How a Dying Coal Plant Sparked New Mexico’s Ambitious Climate Law — and What Other States Can Learn
New Mexico's Energy Transition Act

In 2019, New Mexico achieved something that appeared to be impossible: This poor, bluish-purple, oil-and-gas-heavy state with some of the highest per capita emissions in the country passed a clean energy law more ambitious than almost any other state had achieved. Not only that, it did so with broad bipartisan support.
The Energy Transition Act mandated 100 percent carbon-free electricity by 2045, a target matched only by California, Hawaii and Washington, D.C. Along the way, the act provided targets of 50 percent by 2030 and 80 percent by 2040.
Utilities backed it. Environmental groups called it visionary. Tribal leaders endorsed it, with one declaring it “a gift for our children.” Labor unions signed on. Even many rural legislators, normally wary of sweeping climate legislation, got behind the bill.
What magic could bring all these groups together? It was a dying coal plant.
The San Juan Generating Station, one of the biggest and dirtiest coal plants in the Southwest, had for decades been providing 20 to 25 percent of the electricity for New Mexico’s largest utility, PNM. But sun and wind had gotten so darn cheap that PNM realized it would save money to simply abandon its investment in the plant and shutter its doors. The cost of continuing to dig up coal and shovel it into the furnaces just wasn’t worth it anymore when the sun shone and the wind blew for free.
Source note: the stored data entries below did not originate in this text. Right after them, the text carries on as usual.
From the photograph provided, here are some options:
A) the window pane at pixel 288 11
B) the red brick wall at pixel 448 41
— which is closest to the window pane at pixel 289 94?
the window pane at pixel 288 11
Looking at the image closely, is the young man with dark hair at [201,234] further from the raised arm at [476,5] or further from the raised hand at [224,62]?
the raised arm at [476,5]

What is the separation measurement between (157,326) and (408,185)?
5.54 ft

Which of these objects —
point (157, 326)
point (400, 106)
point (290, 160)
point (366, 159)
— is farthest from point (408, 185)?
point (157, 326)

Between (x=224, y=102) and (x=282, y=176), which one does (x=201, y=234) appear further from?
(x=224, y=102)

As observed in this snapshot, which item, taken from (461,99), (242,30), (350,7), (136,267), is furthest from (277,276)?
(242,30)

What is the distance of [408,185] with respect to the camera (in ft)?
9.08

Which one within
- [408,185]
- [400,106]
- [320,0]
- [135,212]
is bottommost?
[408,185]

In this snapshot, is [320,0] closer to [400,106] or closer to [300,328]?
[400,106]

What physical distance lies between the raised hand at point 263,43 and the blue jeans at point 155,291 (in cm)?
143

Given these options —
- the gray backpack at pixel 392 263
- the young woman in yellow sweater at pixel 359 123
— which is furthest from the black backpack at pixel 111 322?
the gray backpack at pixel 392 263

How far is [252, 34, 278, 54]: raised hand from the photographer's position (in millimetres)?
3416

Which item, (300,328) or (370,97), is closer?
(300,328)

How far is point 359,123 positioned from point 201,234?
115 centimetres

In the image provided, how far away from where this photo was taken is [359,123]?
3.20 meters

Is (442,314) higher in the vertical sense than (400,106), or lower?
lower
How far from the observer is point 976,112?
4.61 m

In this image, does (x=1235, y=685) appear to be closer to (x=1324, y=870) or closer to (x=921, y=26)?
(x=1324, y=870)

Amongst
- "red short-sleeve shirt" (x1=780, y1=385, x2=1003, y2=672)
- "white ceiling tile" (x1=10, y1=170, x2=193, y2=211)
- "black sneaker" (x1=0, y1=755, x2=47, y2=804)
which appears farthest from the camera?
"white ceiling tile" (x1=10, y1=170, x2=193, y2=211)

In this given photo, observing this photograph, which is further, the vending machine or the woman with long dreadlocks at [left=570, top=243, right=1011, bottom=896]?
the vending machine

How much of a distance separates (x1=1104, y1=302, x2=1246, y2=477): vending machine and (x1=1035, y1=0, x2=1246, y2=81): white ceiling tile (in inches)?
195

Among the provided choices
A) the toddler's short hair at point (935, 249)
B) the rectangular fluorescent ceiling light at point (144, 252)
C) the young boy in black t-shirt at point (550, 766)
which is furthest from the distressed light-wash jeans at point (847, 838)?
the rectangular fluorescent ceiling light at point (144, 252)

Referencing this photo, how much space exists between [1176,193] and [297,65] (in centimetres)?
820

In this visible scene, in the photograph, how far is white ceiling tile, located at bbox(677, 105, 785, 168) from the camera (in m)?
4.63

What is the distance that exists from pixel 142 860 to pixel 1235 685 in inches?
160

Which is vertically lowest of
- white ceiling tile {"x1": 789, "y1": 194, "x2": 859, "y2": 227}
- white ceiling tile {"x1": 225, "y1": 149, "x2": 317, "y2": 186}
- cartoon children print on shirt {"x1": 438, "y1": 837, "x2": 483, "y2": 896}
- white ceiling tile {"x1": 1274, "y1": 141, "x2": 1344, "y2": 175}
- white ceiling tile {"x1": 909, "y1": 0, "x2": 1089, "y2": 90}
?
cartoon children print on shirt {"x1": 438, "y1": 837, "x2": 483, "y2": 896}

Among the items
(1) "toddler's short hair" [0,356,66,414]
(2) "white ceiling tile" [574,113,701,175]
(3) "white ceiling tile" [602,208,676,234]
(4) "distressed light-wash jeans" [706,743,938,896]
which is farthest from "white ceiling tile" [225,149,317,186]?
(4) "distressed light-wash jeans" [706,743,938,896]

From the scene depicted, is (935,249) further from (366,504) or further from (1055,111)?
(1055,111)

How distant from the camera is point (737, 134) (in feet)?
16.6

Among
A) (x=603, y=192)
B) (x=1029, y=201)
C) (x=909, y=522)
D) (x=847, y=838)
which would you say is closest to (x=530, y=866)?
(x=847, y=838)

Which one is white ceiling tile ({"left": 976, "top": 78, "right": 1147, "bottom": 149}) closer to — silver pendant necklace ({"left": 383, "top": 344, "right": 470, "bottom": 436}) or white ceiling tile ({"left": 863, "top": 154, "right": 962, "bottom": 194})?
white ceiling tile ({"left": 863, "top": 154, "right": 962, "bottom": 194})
The decision to close the plant created a rare opportunity, because everyone — utilities, electricity consumers, environmentalists, labor, local communities — had something to gain from shaping what came next.
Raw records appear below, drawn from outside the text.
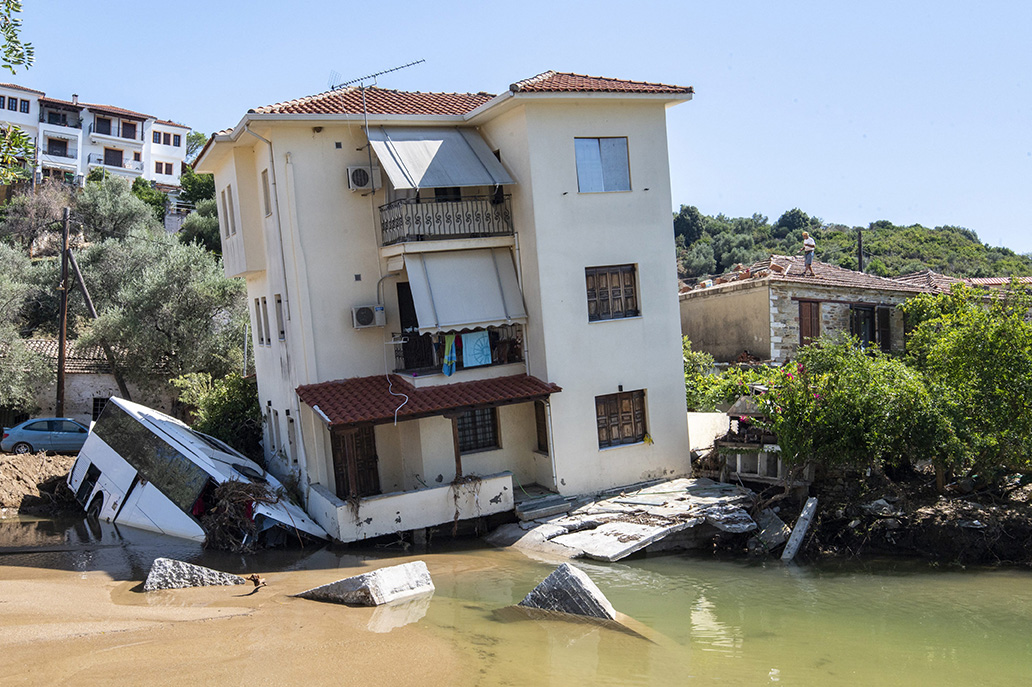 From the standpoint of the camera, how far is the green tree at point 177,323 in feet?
99.6

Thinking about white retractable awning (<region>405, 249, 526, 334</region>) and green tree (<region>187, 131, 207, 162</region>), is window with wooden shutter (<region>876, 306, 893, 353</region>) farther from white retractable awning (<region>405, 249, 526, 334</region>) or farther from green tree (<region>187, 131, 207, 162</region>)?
green tree (<region>187, 131, 207, 162</region>)

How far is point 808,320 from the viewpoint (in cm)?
2677

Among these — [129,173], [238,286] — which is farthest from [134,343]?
[129,173]

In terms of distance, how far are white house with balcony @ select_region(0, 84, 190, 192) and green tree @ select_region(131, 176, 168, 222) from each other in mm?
4699

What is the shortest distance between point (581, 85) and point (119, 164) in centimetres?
6344

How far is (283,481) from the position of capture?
20.4 metres

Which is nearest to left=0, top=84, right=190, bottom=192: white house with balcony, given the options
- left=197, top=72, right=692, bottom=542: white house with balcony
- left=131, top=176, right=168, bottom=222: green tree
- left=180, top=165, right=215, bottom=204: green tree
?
left=131, top=176, right=168, bottom=222: green tree

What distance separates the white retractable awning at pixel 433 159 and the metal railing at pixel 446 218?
0.61 meters

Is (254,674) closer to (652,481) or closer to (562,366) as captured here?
(562,366)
PNM was motivated because it had invested $320 million in the San Juan plant that it hadn’t yet gotten back from utility bills. In closing the plant, it would either lose that money or it would continue to charge customers for a plant they were no longer getting electricity from. The first option would cause its shareholders to revolt, and the second would cause its customers to revolt.
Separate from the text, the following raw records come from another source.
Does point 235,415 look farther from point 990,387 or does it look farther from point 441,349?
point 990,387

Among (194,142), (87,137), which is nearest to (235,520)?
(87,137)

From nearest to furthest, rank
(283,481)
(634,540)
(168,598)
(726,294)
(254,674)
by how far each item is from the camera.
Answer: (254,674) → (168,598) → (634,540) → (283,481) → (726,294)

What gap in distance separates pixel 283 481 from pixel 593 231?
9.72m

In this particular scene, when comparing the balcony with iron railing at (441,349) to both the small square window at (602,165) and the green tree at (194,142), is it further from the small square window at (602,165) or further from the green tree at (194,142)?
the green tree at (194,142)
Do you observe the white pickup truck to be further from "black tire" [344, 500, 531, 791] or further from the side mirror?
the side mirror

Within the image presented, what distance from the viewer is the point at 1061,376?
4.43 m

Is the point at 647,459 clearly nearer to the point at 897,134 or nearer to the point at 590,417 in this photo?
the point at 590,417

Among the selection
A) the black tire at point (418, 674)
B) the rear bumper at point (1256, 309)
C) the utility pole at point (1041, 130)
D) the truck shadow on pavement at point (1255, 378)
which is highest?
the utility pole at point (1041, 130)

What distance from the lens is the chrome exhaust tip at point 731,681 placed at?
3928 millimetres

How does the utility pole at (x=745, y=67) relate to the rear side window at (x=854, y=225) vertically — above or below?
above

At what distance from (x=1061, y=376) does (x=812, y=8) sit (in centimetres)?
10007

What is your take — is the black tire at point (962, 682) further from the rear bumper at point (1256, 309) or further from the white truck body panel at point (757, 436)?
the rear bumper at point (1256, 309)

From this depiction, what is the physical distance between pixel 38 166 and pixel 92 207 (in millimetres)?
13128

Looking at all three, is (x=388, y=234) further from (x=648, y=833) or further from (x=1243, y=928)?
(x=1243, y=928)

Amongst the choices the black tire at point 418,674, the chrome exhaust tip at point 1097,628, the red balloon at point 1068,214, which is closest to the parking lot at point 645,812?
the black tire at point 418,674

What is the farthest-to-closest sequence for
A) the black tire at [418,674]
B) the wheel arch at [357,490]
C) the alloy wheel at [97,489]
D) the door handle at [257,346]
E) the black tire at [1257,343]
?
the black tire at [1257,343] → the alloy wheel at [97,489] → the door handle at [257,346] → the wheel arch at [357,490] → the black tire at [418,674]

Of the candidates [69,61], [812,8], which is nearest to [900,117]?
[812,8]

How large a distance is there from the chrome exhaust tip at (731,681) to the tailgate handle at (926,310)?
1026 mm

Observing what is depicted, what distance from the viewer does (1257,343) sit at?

Tribal leaders and labor unions, faced with the closing of the plant, wanted support for the workers. Most of the workers at the San Juan plant were Diné (Navajo). They wanted financial assistance, retraining programs, and economic development to bring in new jobs.
Environmentalists wanted bold clean energy targets. And the new governor, Michelle Lujan Grisham, wanted to make good on her campaign promises of climate action.
The closing of the plant was a crisis that created the space for ambition.
At the heart of the Energy Transition Act was a bit of financial alchemy with the awful name of “securitization.” In simple terms, it let PNM recover its stranded $320 million investment in the San Juan coal plant by charging customers — but it did so through low-interest bonds rather than traditional utility rates. Instead of earning PNM’s usual 9.5 percent return, bond investors accepted just two to four percent because the bonds were so safe and “secure.” That single shift meant customers’ bills went down by about $6 to $7 a month.
And the bond package included an extra $40 million to create a fund to help displaced workers — one of the first times a climate law built direct support for communities into its financing.
This turned the dull lead of PNM’s bad investment in the plant into the shining gold of freedom for the utility, lower electricity rates for consumers, support for workers, and bold climate action.
So how well has it worked?
New Mexico is ahead of schedule: A full 50 percent of the electricity generated in the state was renewable in 2024 — well ahead of the 2030 target. That’s a testimony both to the power of the law and to the astonishing drop in the cost of wind and solar — down by a third to a half from 2019.
The equity goals have had more mixed results. Roughly 350 laid-off workers were promised $20,000 transition checks, but many of those payments didn’t arrive until a year after the plant closed, and managers reportedly received far more than mine and plant workers. Many of the jobs workers found as replacements paid tens of thousands of dollars less. Coal plant workers often earned $80,000 or more with strong benefits, while most solar and wind facilities employ just a handful of full-time technicians and don’t offer comparable wages.
Still, the act did provide funding to help ease the landing. And a large, 200 MW solar farm being constructed nearby will contribute property taxes to the local school district, partially replacing the lost revenue from San Juan.
Without the law, the San Juan plant still would have closed. But the replacement might have leaned more heavily on natural gas, which, though sometimes more expensive than renewables, is also more familiar to utility executives. There would have been no binding targets, no transition funding, no coordinated effort to ensure equity.
The act also opened the door to further climate legislation, including the Clean Car Standards and Clean Fuel Standard to accelerate EV adoption and the Grid Modernization Act to prepare the electricity grid for more renewables.
New Mexico’s Energy Transition Act is a remarkable achievement worth celebrating — but even more, it’s worth emulating. Coal plants are becoming uneconomical across the country, and New Mexico’s example shows that each closure represents an enormous opportunity.
So far, while other states have taken pieces of New Mexico’s approach, the full combination remains unmatched. States including Michigan, Wisconsin, and Montana have passed securitization laws in recent years, allowing utilities to refinance stranded coal-plant costs through low-interest bonds. But those laws didn’t ask anything in return: no binding decarbonization targets, no funds for displaced workers. In those states, securitization was treated as a technical fix — a way to clean up balance sheets and soften the blow to customers — not as a chance to reshape the future. Other states have created binding decarbonization targets or support for displaced workers through political will alone, untethered to securitizing stranded coal generation assets — remarkable achievements, but difficult to emulate without solid Democratic majorities.
New Mexico instead used securitization as leverage that made utilities eager to accept ambitious, enforceable clean electricity mandates and to provide transition funding for workers. That lever only gets stronger as renewable costs continue to fall.
New Mexico shows how the economic force of cheap renewables can be shaped by political will to create true change. The question now is whether more states will seize the same opportunity to turn economic crisis into climate progress..

Wow. This story actually makes me optimistic about the environment, which I haven’t been in some time.
A bit of light in the darkness. Thank you for sharing this story.